Mary Carvellas (May 3, 1924 – October 18, 2013), better known as Mary Carver, was an American actress whose career spanned more than 60 years. She may be best known for her role as matriarch Cecilia Simon on the series Simon & Simon appearing in 153 episodes from 1981 to 1989 over eight seasons.

Early life
Carver was born in Los Angeles, the daughter of John and Carmen (née Delmar) Carvellas. Carver graduated from Hollywood High School and City College.

Career
Carver appeared in the Broadway production of Out West of Eighth in 1951. She appeared on Broadway in The Shadow Box in 1977 and in Fifth of July during the 1980s.

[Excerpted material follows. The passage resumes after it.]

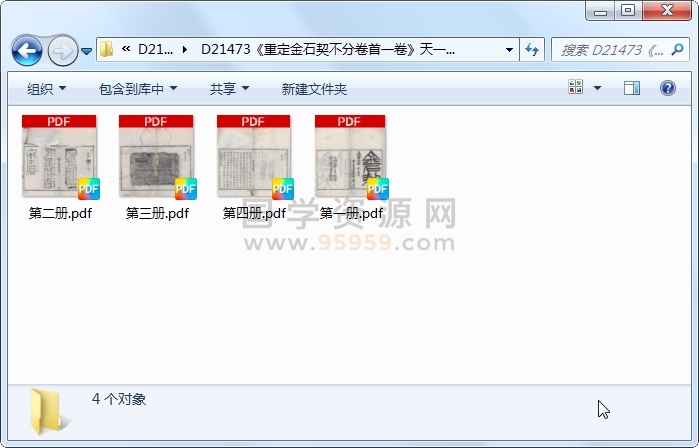 《重定金石契不分卷首一卷》（清）张燕昌撰.清 光绪.4册 古籍网 第1张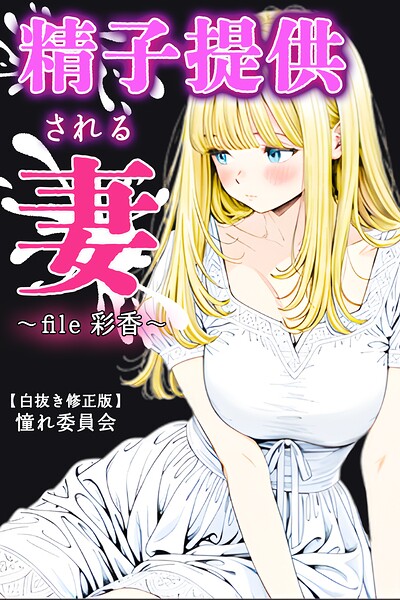 s886atrlw02919【精子提供される妻 〜file 彩香〜【白抜き修正版】】無料エロ漫画フル raw hitomi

Her films included From Here to Eternity (1953), Pay or Die (1960), I Never Promised You a Rose Garden (1977), Protocol (1984), Best Seller (1987), Arachnophobia (1990), and Safe (1995).

Her television roles included Simon & Simon, The Donna Reed Show, ER, The Guardian, Gunsmoke (1956 title character-“Anne” - in “Chester’s Mail Order Bride” - S1E34), Lou Grant, Lux Video Theatre, The Man from U.N.C.L.E., Mannix, Mary Hartman, Mary Hartman, McCloud, Quincy, M.E., The Rockford Files, Star Trek: Enterprise, and The Twilight Zone.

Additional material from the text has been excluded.